# [Task description]
In the copy, include every entry exactly but none of the images.

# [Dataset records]
—————
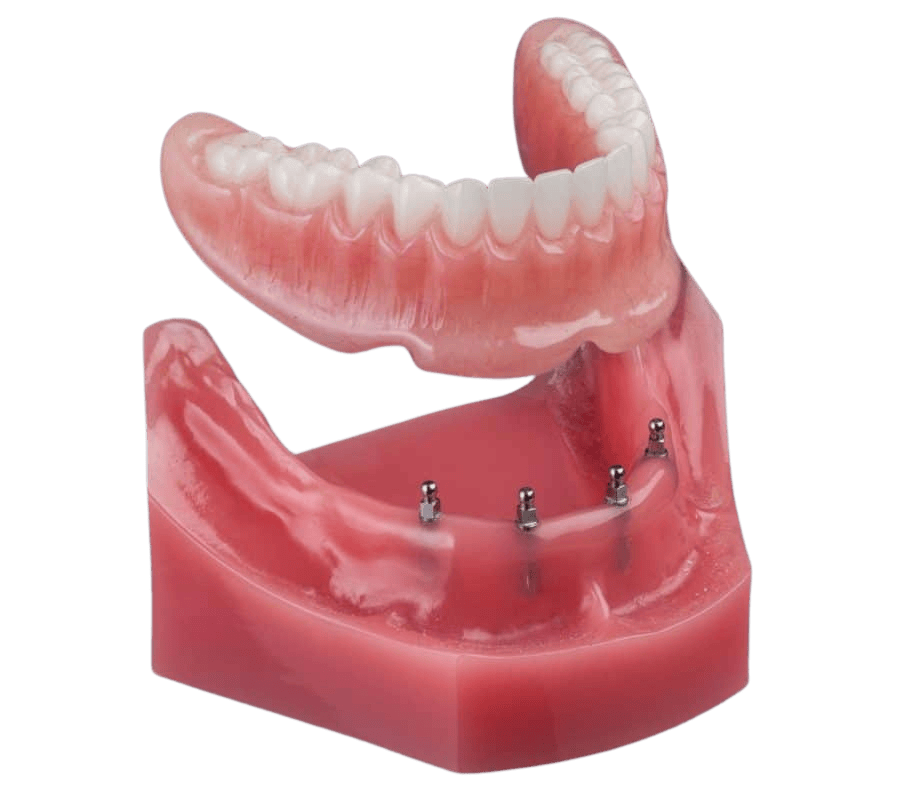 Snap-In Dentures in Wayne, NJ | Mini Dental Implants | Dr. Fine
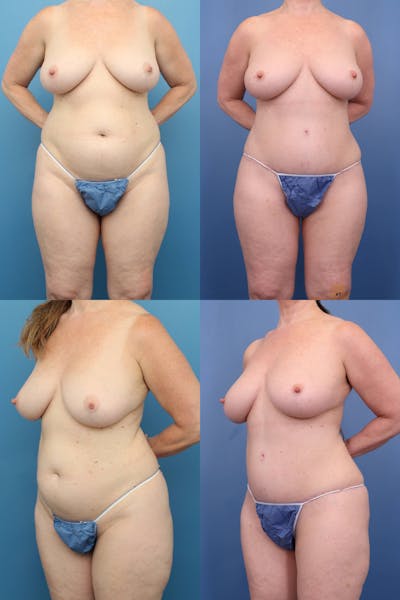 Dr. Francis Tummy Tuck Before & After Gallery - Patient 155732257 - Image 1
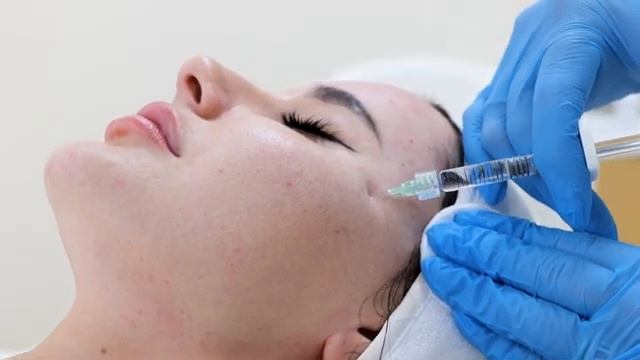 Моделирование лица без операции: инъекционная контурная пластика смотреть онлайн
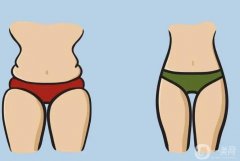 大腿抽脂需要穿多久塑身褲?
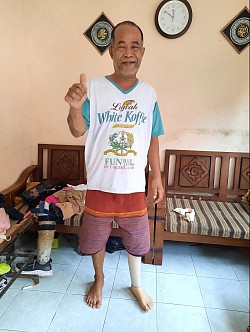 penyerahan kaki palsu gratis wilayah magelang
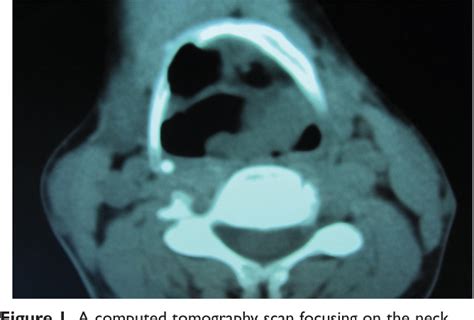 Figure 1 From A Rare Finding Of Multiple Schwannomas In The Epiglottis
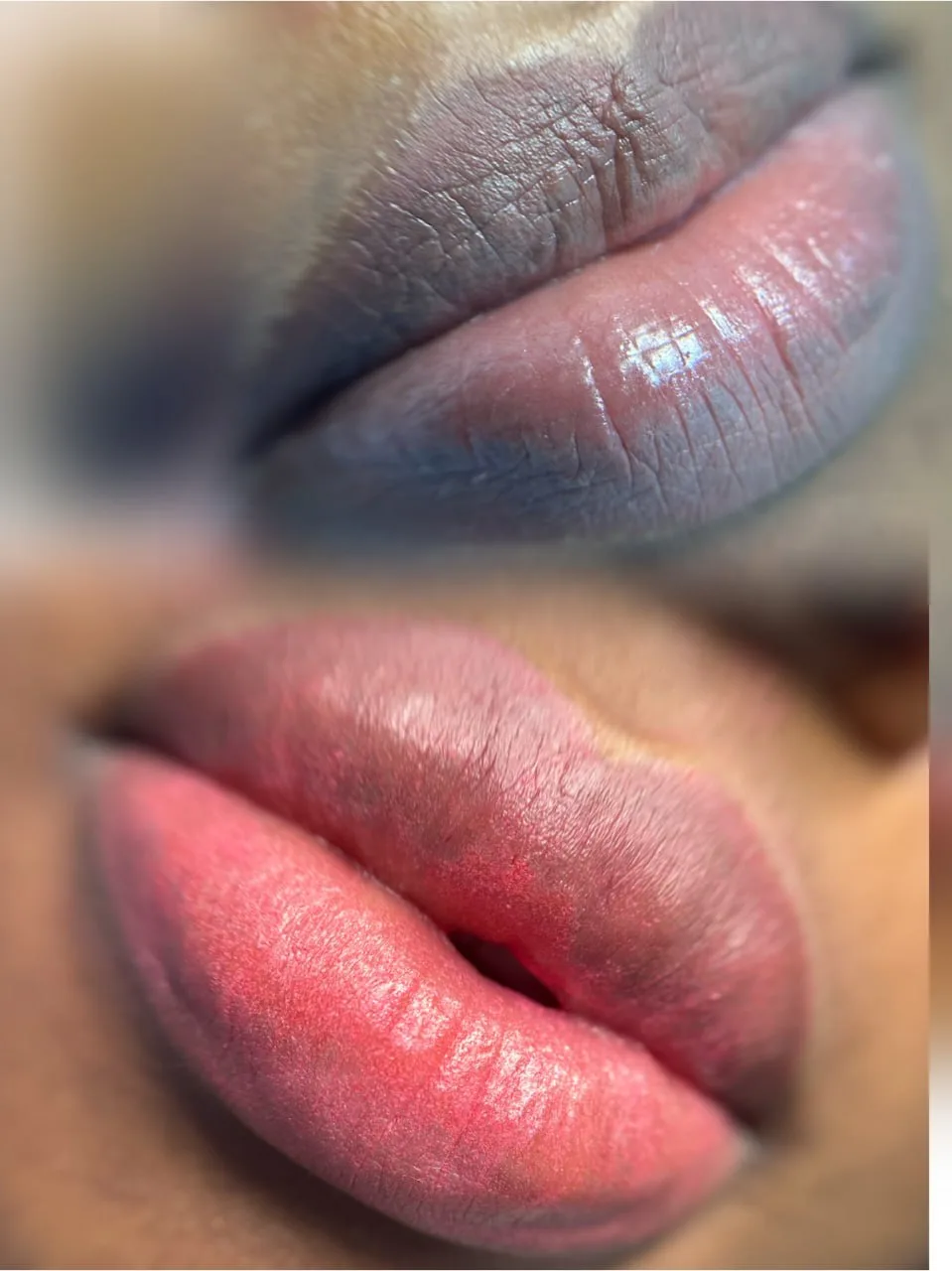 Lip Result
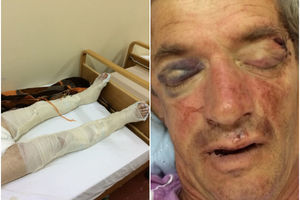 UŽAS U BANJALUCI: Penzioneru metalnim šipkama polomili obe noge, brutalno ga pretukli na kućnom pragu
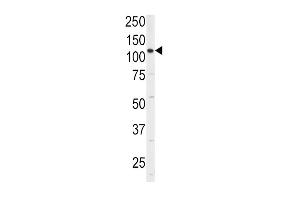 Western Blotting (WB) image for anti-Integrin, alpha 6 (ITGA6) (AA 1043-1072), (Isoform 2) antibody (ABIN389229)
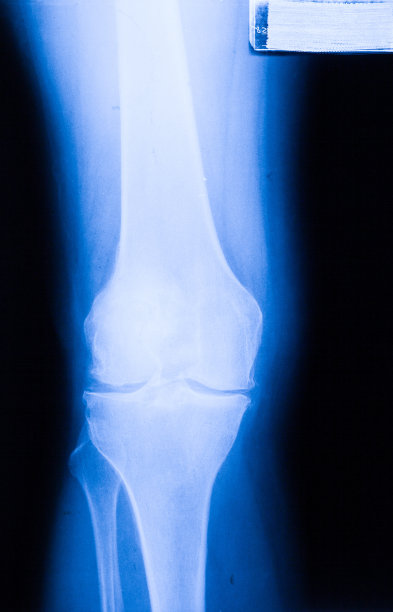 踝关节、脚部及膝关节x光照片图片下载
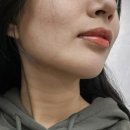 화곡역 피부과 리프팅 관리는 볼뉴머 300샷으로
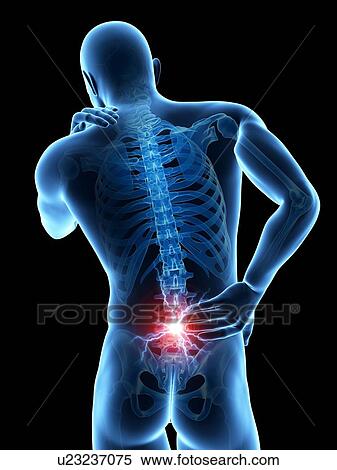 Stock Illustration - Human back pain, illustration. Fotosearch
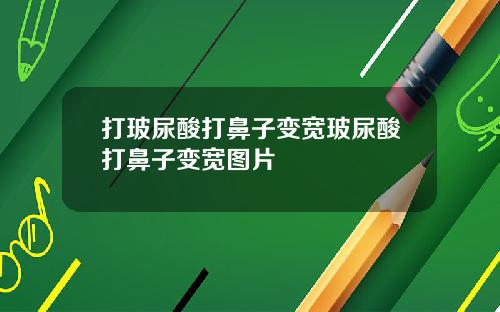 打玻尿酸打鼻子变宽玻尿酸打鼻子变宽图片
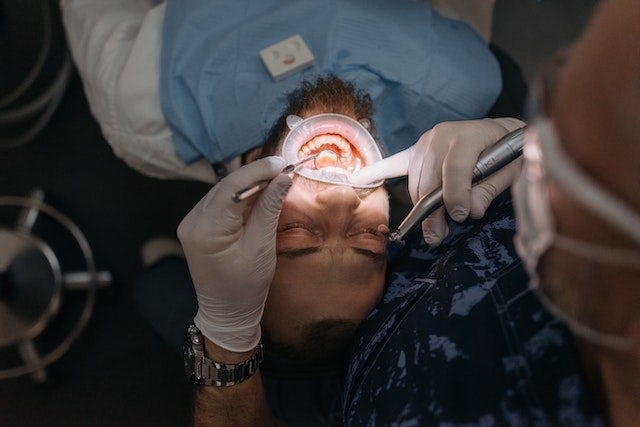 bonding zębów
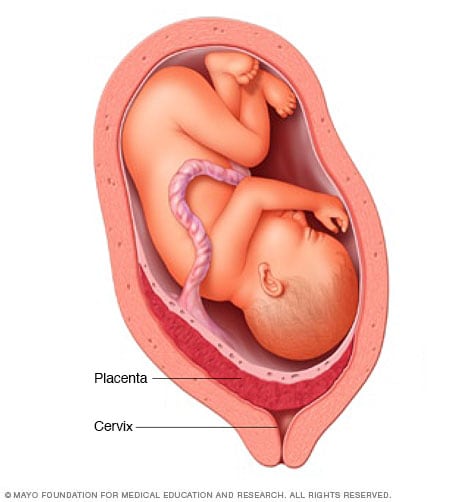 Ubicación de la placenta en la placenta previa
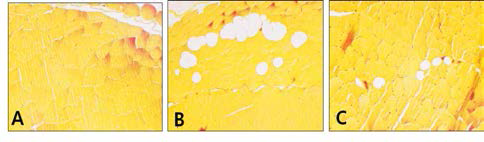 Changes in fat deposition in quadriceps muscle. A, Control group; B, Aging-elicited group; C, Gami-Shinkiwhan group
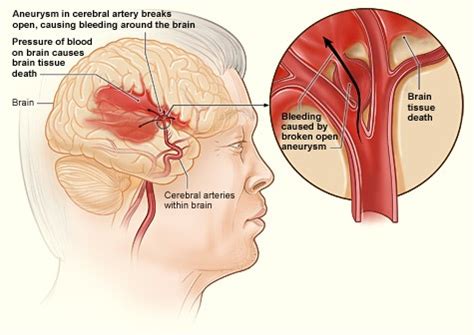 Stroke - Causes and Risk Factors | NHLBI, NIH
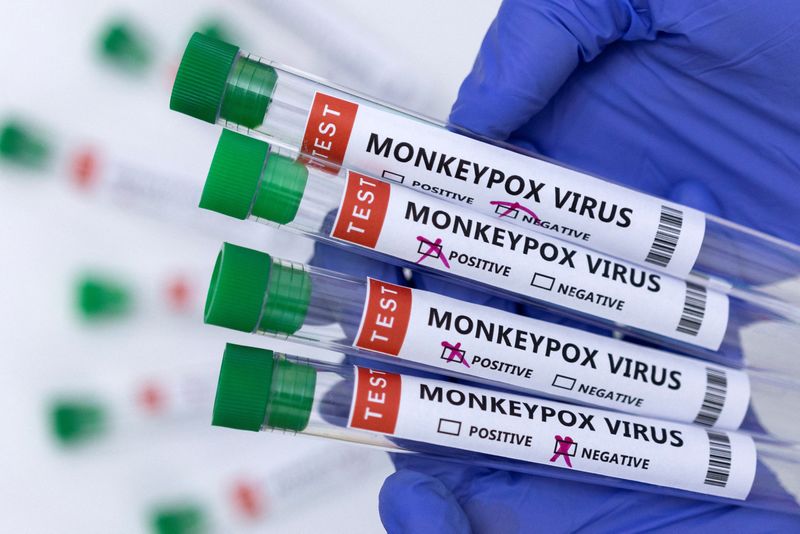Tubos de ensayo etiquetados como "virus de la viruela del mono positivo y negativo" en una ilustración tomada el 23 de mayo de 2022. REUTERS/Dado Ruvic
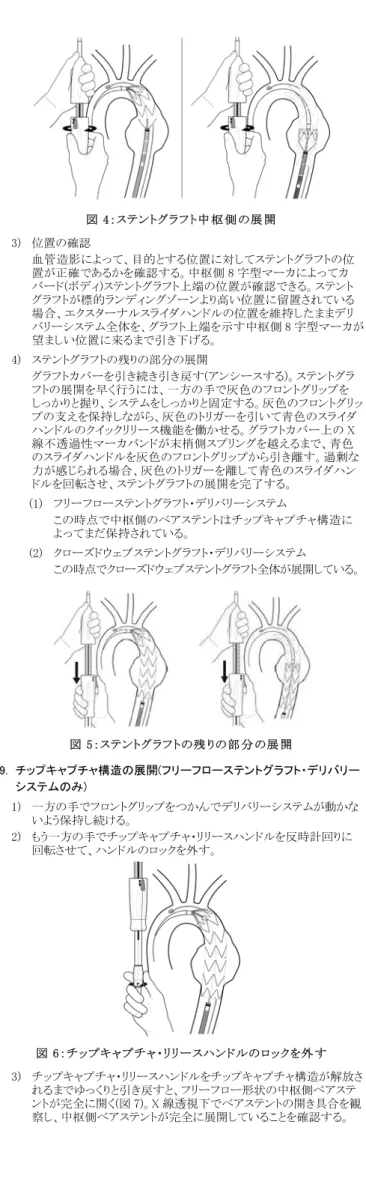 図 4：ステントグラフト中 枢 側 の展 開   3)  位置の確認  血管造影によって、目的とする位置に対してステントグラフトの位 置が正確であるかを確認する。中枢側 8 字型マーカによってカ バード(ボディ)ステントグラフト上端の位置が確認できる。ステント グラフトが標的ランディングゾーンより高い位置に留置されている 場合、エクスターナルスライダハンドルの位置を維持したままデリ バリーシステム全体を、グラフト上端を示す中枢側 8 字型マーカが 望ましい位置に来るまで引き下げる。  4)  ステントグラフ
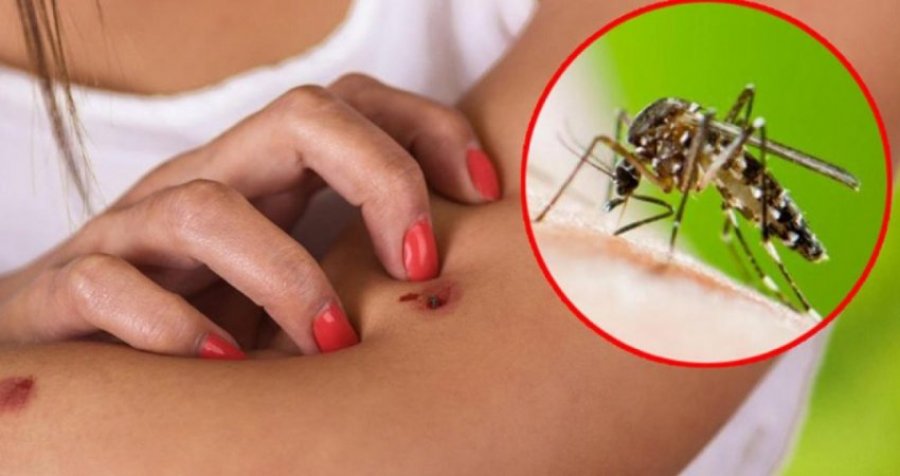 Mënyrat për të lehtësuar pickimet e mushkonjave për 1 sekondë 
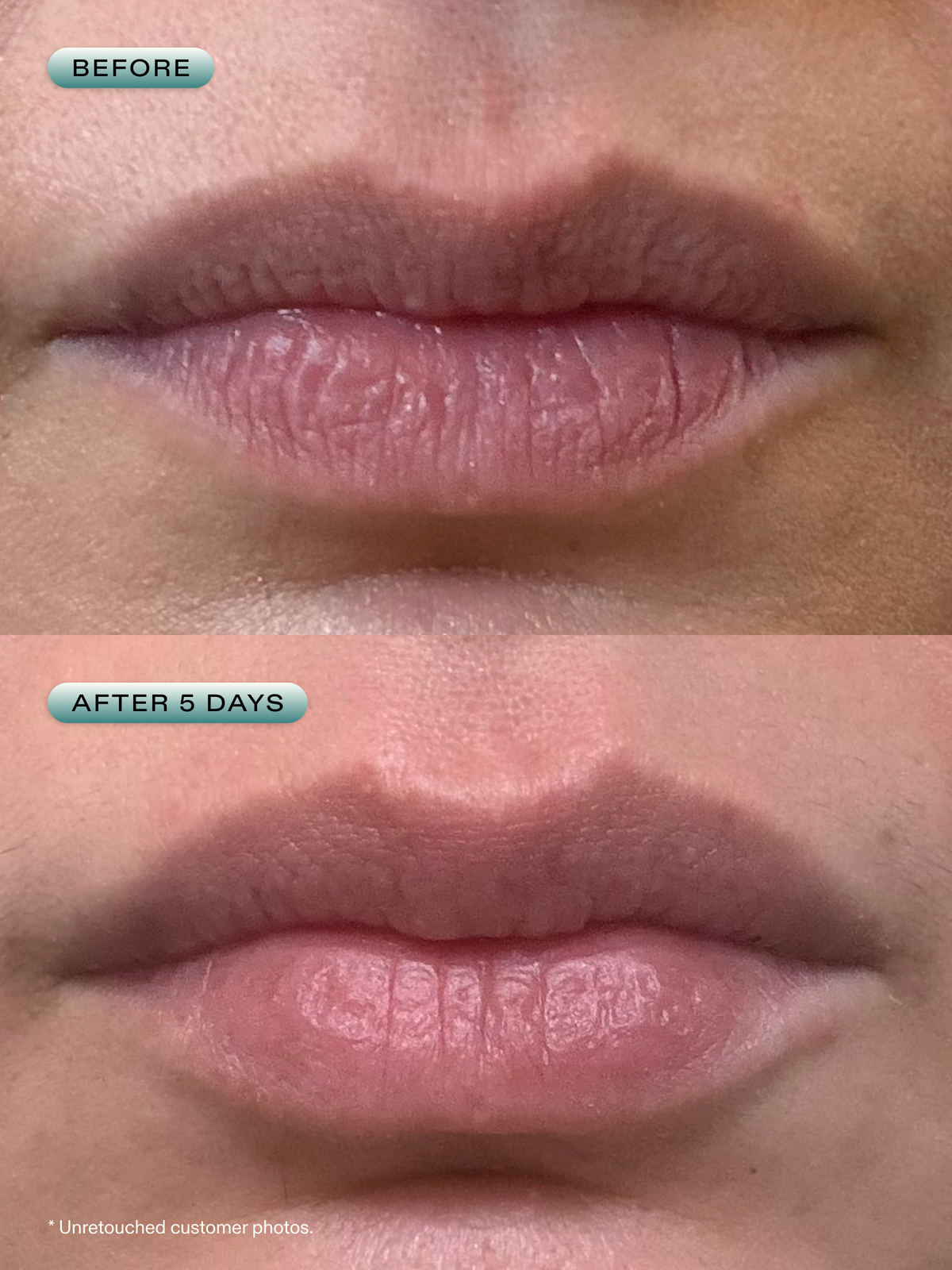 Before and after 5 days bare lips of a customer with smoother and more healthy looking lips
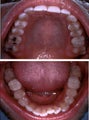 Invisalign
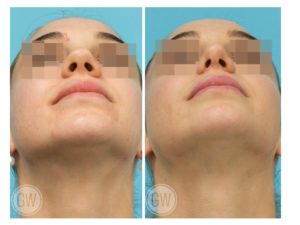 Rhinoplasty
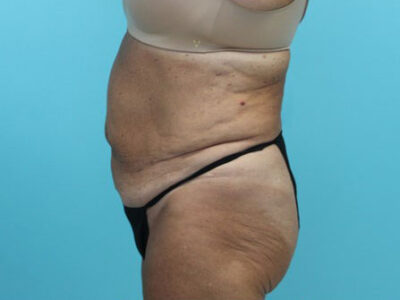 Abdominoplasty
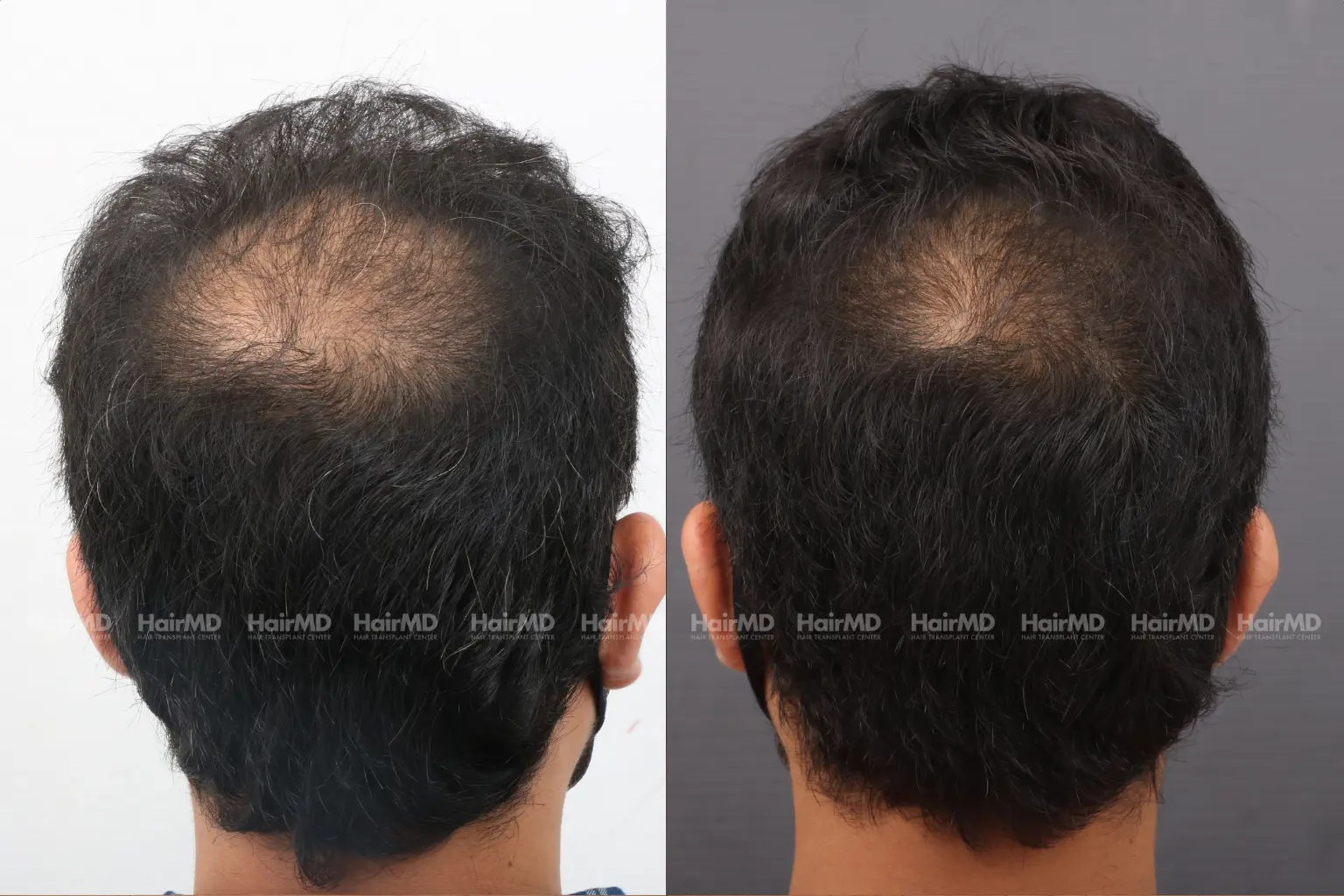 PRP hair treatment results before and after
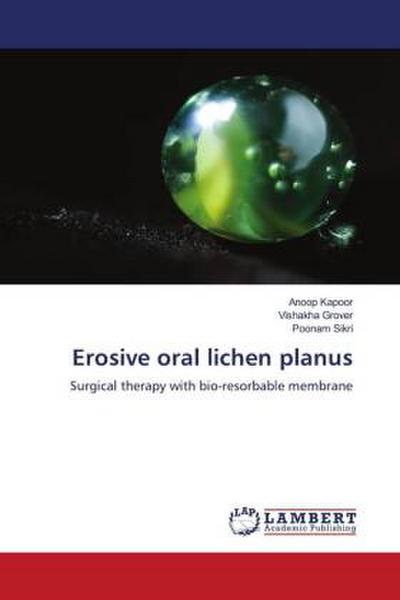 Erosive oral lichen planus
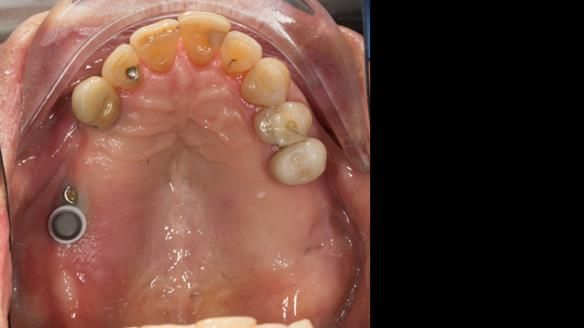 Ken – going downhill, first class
—————
# [Exercise output]
 Snap-In Dentures in Wayne, NJ | Mini Dental Implants | Dr. Fine
 Dr. Francis Tummy Tuck Before & After Gallery - Patient 155732257 - Image 1
 Моделирование лица без операции: инъекционная контурная пластика смотреть онлайн
 大腿抽脂需要穿多久塑身褲?
 penyerahan kaki palsu gratis wilayah magelang
 Figure 1 From A Rare Finding Of Multiple Schwannomas In The Epiglottis
 Lip Result
 UŽAS U BANJALUCI: Penzioneru metalnim šipkama polomili obe noge, brutalno ga pretukli na kućnom pragu
 Western Blotting (WB) image for anti-Integrin, alpha 6 (ITGA6) (AA 1043-1072), (Isoform 2) antibody (ABIN389229)
 踝关节、脚部及膝关节x光照片图片下载
 화곡역 피부과 리프팅 관리는 볼뉴머 300샷으로
 Stock Illustration - Human back pain, illustration. Fotosearch
 打玻尿酸打鼻子变宽玻尿酸打鼻子变宽图片
 bonding zębów
 Ubicación de la placenta en la placenta previa
 Changes in fat deposition in quadriceps muscle. A, Control group; B, Aging-elicited group; C, Gami-Shinkiwhan group
 Stroke - Causes and Risk Factors | NHLBI, NIH
Tubos de ensayo etiquetados como "virus de la viruela del mono positivo y negativo" en una ilustración tomada el 23 de mayo de 2022. REUTERS/Dado Ruvic
 図 4：ステントグラフト中 枢 側 の展 開   3)  位置の確認  血管造影によって、目的とする位置に対してステントグラフトの位 置が正確であるかを確認する。中枢側 8 字型マーカによってカ バード(ボディ)ステントグラフト上端の位置が確認できる。ステント グラフトが標的ランディングゾーンより高い位置に留置されている 場合、エクスターナルスライダハンドルの位置を維持したままデリ バリーシステム全体を、グラフト上端を示す中枢側 8 字型マーカが 望ましい位置に来るまで引き下げる。  4)  ステントグラフ
 Mënyrat për të lehtësuar pickimet e mushkonjave për 1 sekondë 
 Before and after 5 days bare lips of a customer with smoother and more healthy looking lips
 Invisalign
 Rhinoplasty
 Abdominoplasty
 PRP hair treatment results before and after
 Erosive oral lichen planus
 Ken – going downhill, first class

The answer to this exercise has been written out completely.